Pictures with short captions:
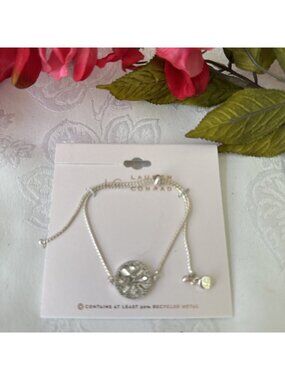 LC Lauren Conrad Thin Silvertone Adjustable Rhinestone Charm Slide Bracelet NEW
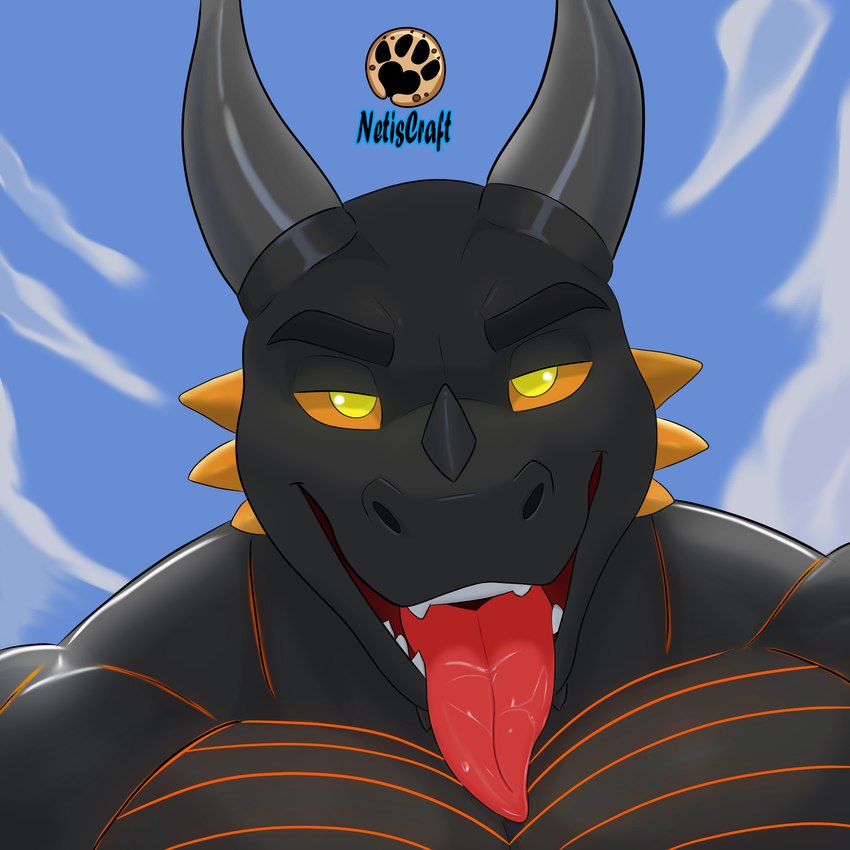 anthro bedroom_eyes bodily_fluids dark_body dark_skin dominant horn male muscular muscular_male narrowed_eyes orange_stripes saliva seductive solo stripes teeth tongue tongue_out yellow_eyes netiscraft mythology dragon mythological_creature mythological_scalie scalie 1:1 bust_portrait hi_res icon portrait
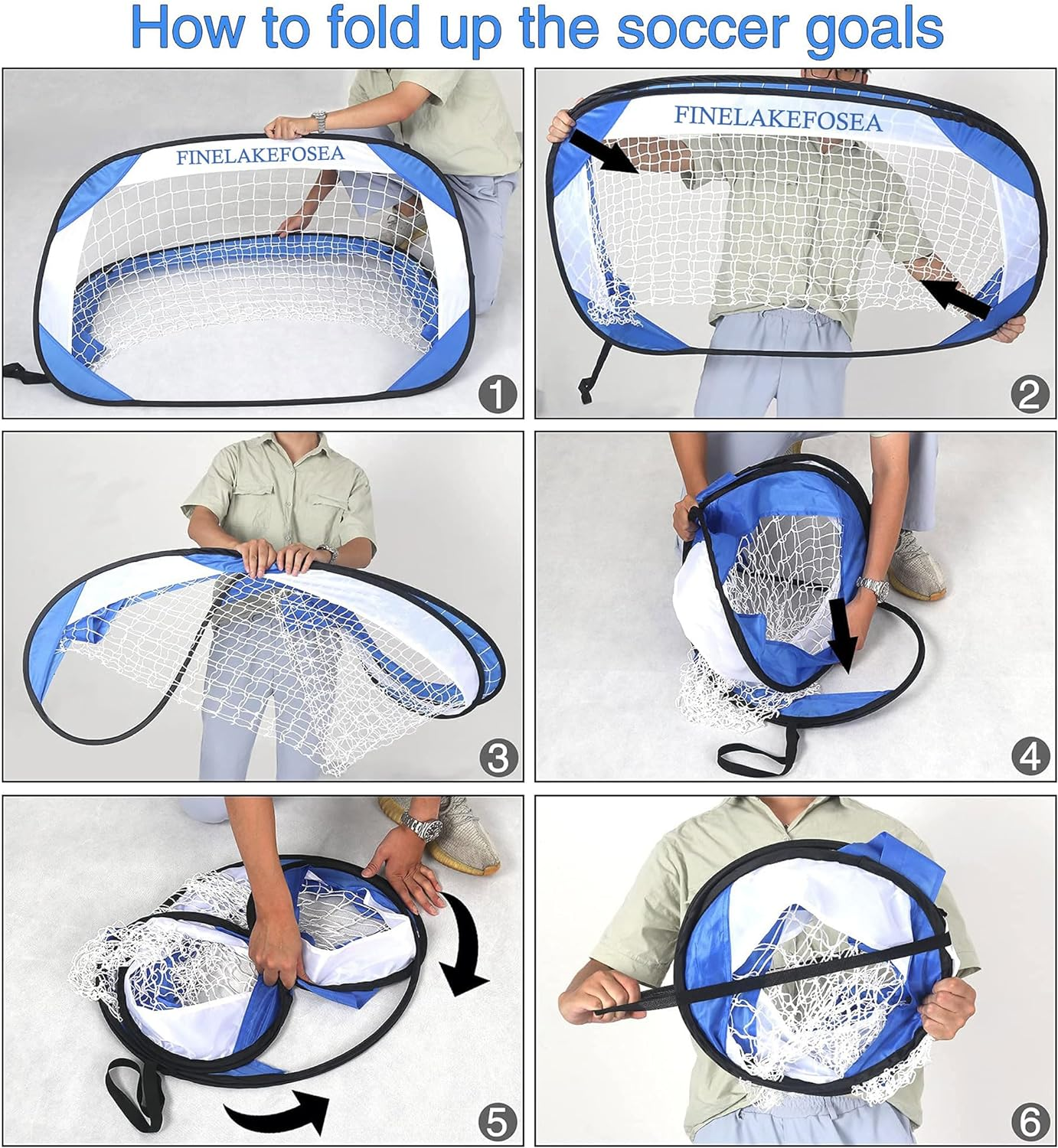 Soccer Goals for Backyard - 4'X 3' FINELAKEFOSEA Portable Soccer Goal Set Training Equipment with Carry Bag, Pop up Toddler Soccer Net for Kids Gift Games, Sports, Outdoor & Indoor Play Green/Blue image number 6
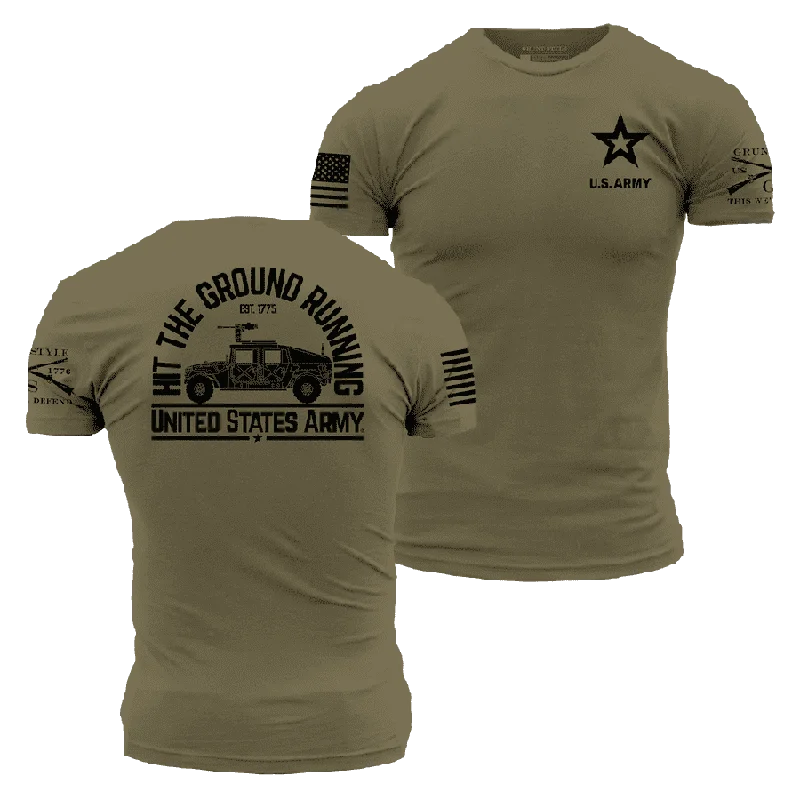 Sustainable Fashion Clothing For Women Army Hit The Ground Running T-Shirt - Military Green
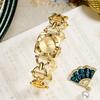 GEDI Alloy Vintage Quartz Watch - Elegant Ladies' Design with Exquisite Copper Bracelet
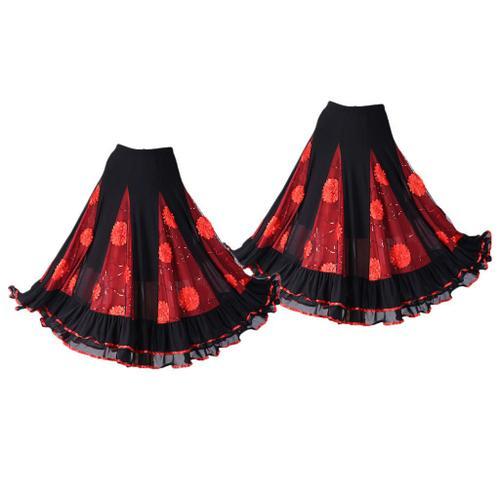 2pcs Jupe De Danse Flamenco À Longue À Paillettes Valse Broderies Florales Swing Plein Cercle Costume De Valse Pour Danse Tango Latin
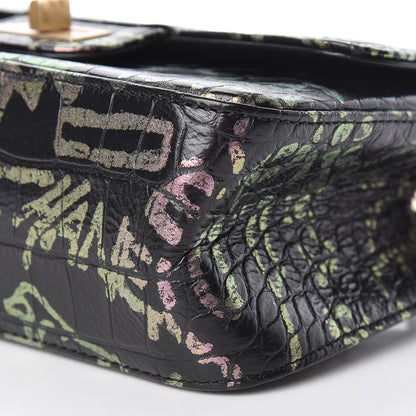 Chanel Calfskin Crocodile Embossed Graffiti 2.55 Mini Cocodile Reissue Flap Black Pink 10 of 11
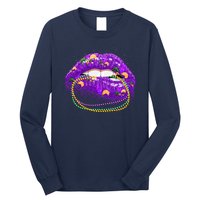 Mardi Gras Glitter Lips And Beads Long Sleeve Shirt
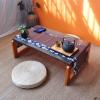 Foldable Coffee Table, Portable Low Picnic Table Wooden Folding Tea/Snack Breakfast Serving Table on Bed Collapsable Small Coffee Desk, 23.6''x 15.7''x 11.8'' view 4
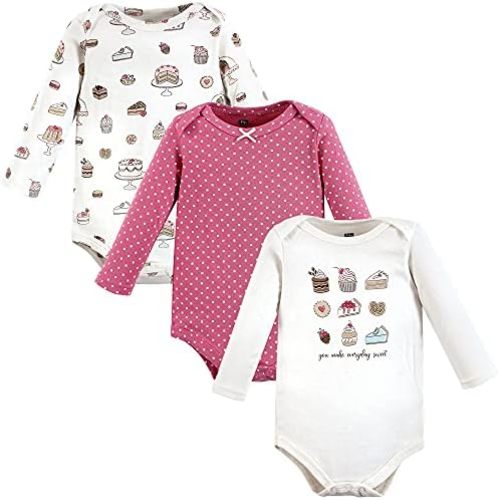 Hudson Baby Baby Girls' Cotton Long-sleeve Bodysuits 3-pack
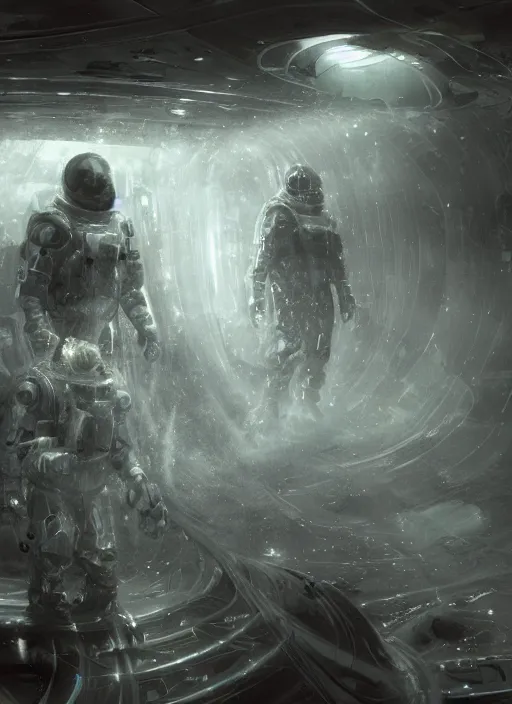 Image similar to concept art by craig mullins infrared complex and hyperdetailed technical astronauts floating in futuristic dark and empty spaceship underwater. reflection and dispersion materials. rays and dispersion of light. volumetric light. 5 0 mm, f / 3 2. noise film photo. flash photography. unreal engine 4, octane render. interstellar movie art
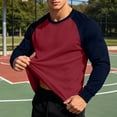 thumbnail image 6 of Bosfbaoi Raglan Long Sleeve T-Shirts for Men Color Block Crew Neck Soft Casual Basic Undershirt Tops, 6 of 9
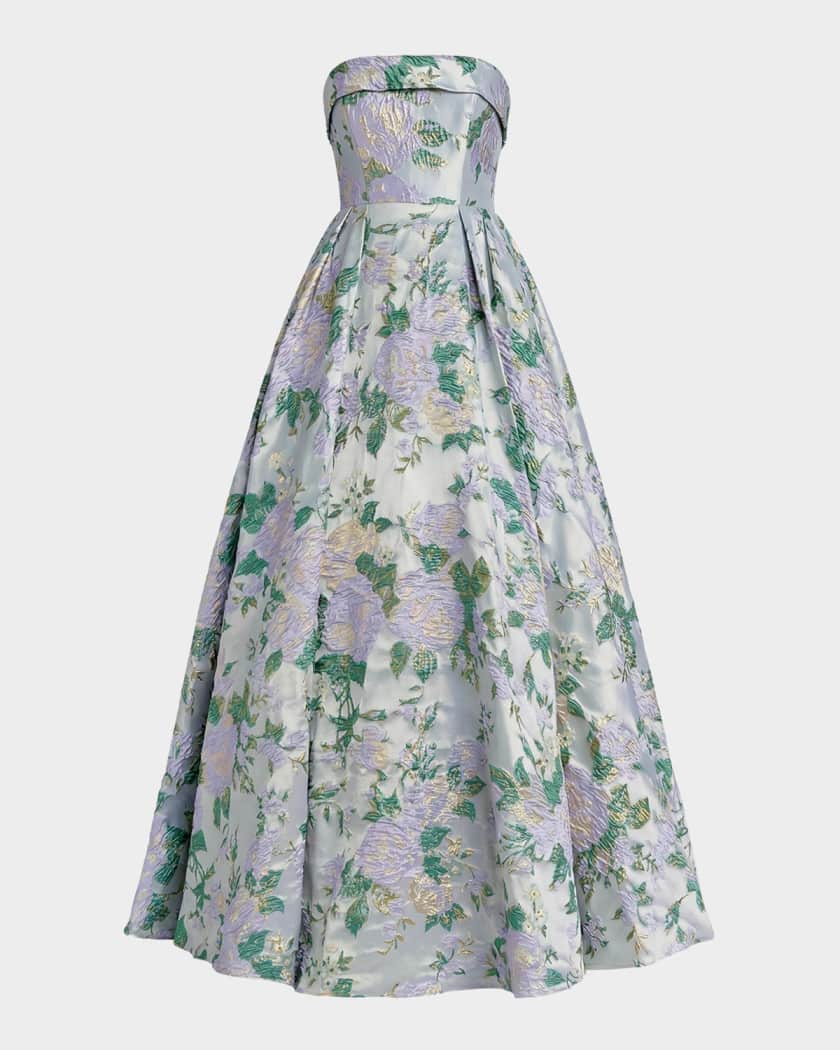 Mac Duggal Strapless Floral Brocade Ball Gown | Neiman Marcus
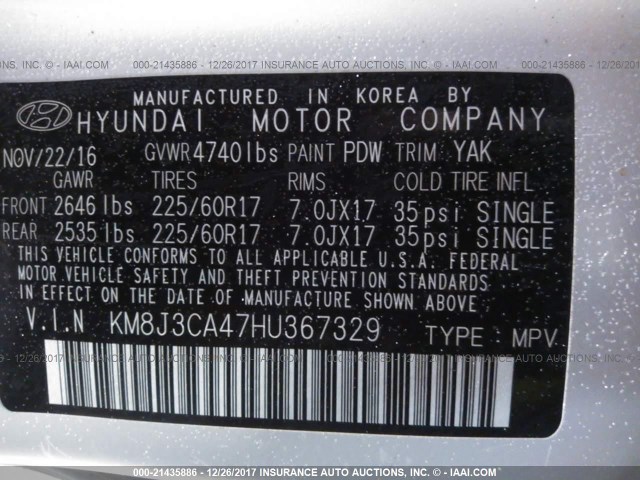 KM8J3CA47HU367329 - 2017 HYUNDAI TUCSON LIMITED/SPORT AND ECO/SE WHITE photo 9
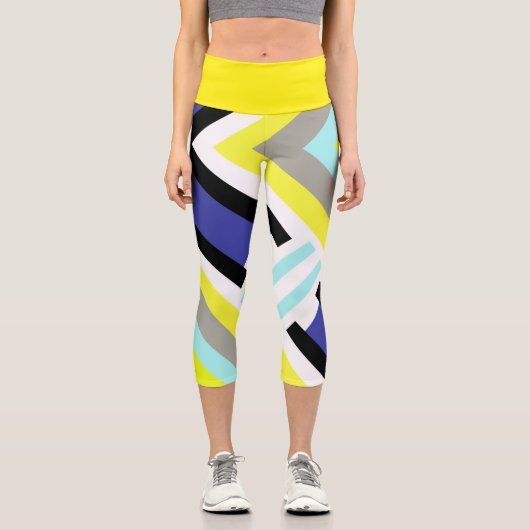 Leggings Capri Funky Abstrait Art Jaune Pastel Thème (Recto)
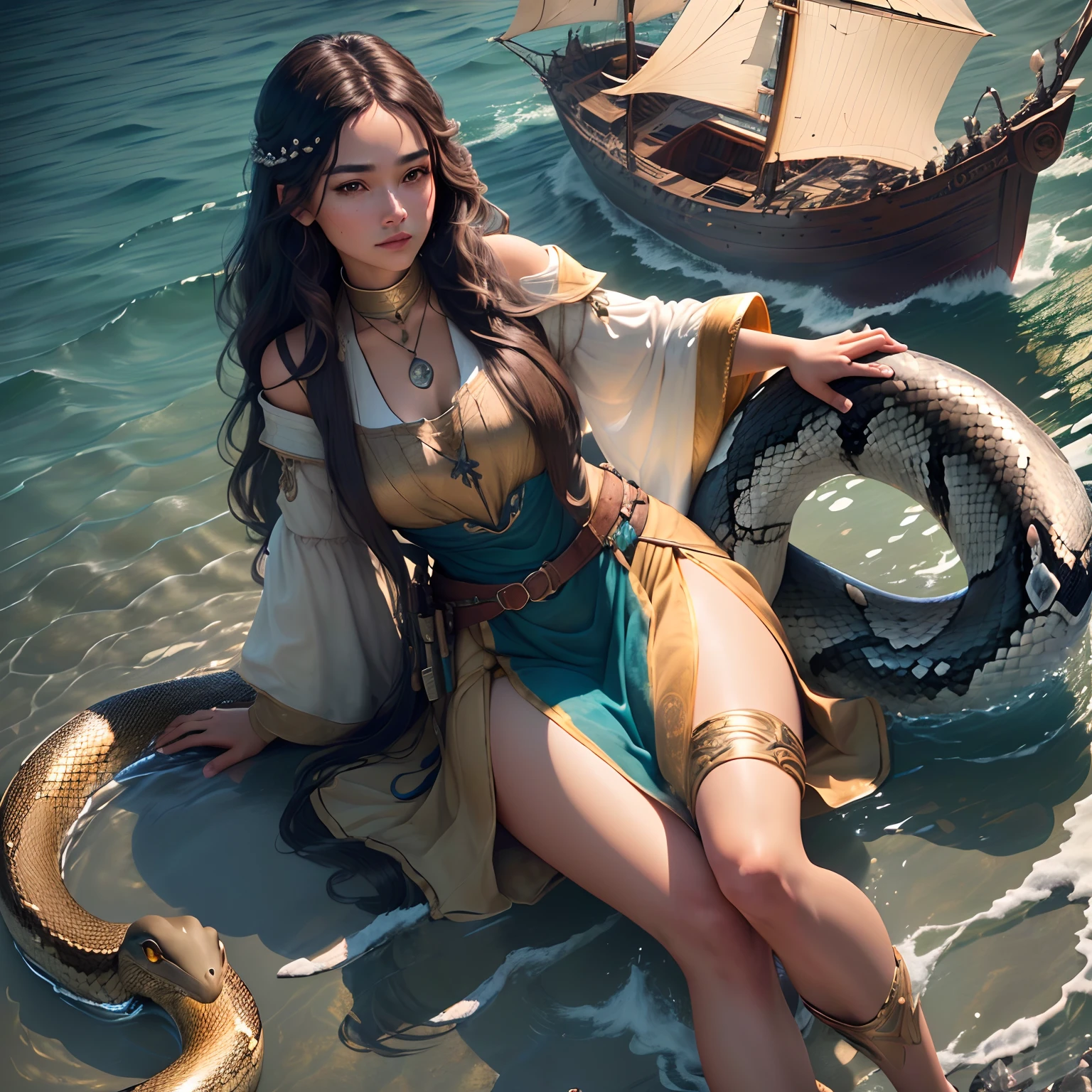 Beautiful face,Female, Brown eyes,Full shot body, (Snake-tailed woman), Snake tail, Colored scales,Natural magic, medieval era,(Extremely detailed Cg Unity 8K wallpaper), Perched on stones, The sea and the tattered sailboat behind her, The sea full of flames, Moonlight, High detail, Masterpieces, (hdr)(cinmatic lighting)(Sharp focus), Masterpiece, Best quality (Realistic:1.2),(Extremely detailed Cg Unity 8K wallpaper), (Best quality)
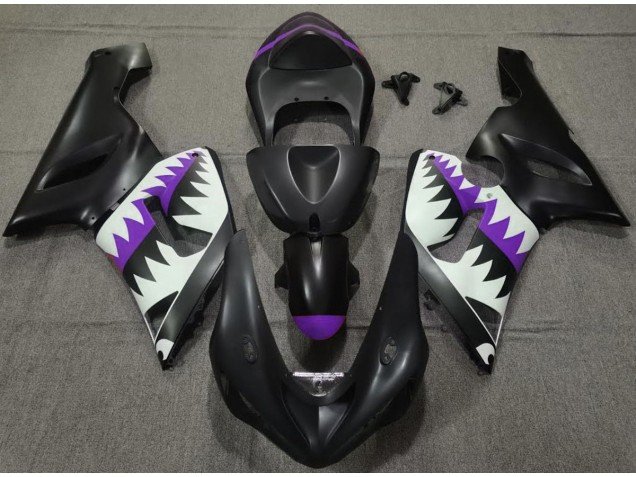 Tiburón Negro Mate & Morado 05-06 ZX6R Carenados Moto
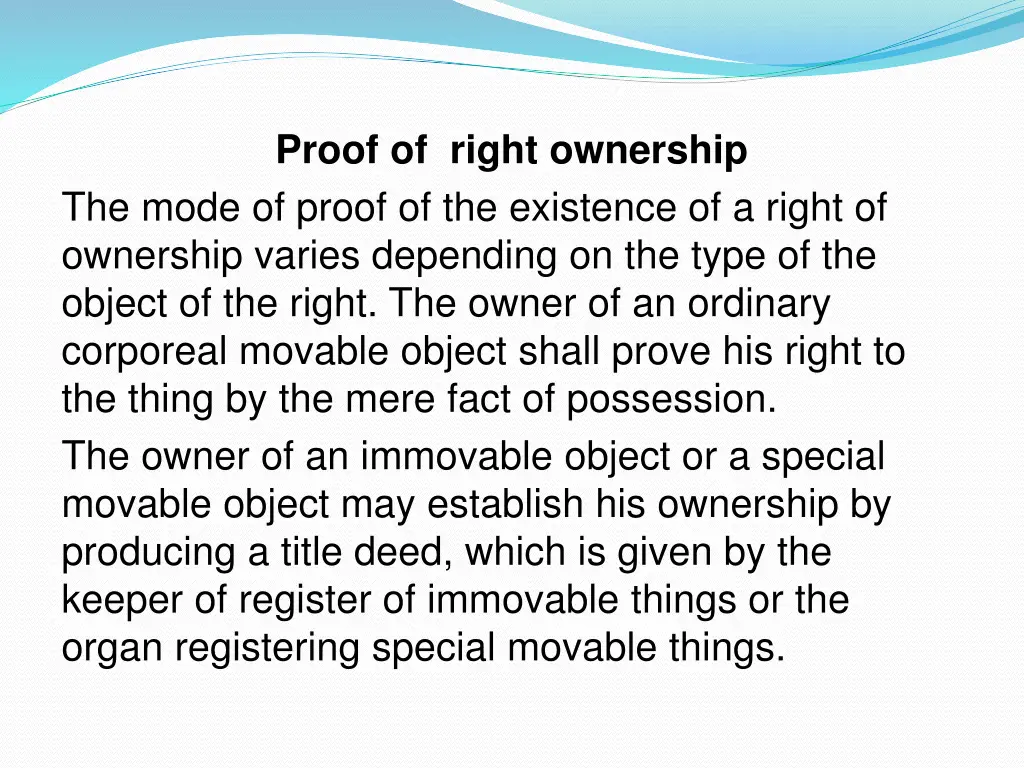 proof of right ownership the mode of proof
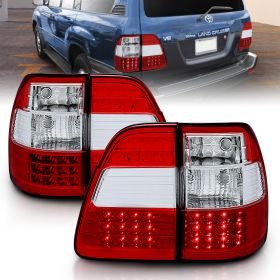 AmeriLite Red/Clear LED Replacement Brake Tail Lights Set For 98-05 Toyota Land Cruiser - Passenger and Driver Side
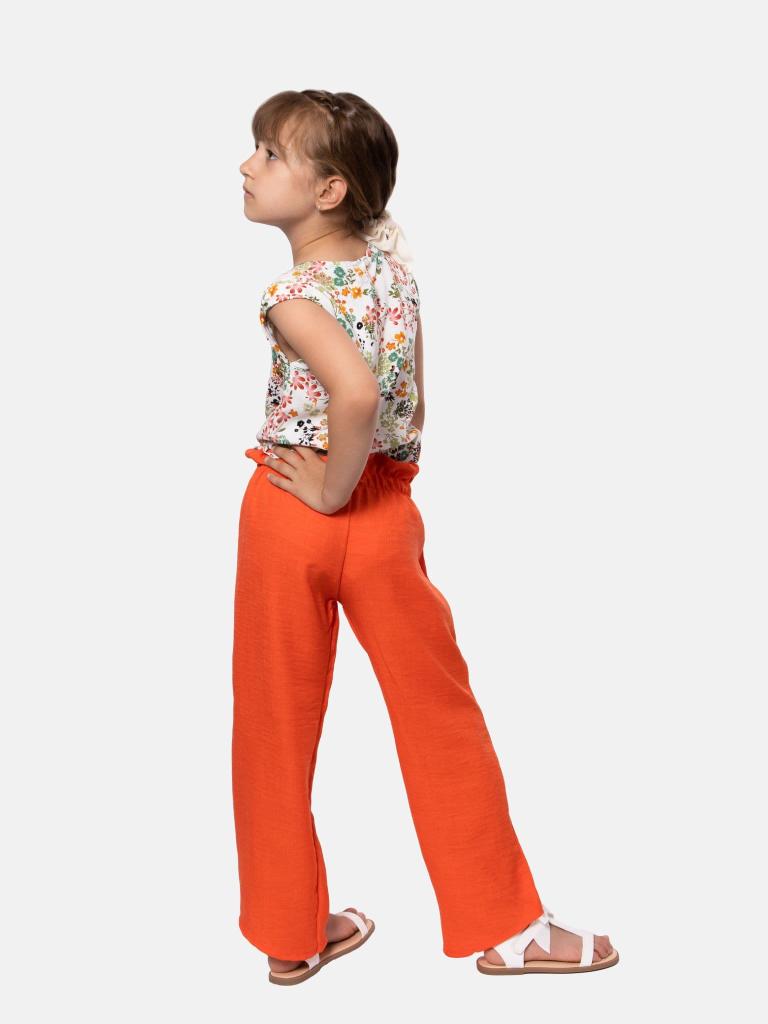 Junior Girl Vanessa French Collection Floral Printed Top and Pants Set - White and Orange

• Task brief: Print once more, exactly, the lines that start at the top of the records above and end at the line with "Soccer Goals for", skipping all pictures.

• Reply to the exercise:
 LC Lauren Conrad Thin Silvertone Adjustable Rhinestone Charm Slide Bracelet NEW
 anthro bedroom_eyes bodily_fluids dark_body dark_skin dominant horn male muscular muscular_male narrowed_eyes orange_stripes saliva seductive solo stripes teeth tongue tongue_out yellow_eyes netiscraft mythology dragon mythological_creature mythological_scalie scalie 1:1 bust_portrait hi_res icon portrait
 Soccer Goals for Backyard - 4'X 3' FINELAKEFOSEA Portable Soccer Goal Set Training Equipment with Carry Bag, Pop up Toddler Soccer Net for Kids Gift Games, Sports, Outdoor & Indoor Play Green/Blue image number 6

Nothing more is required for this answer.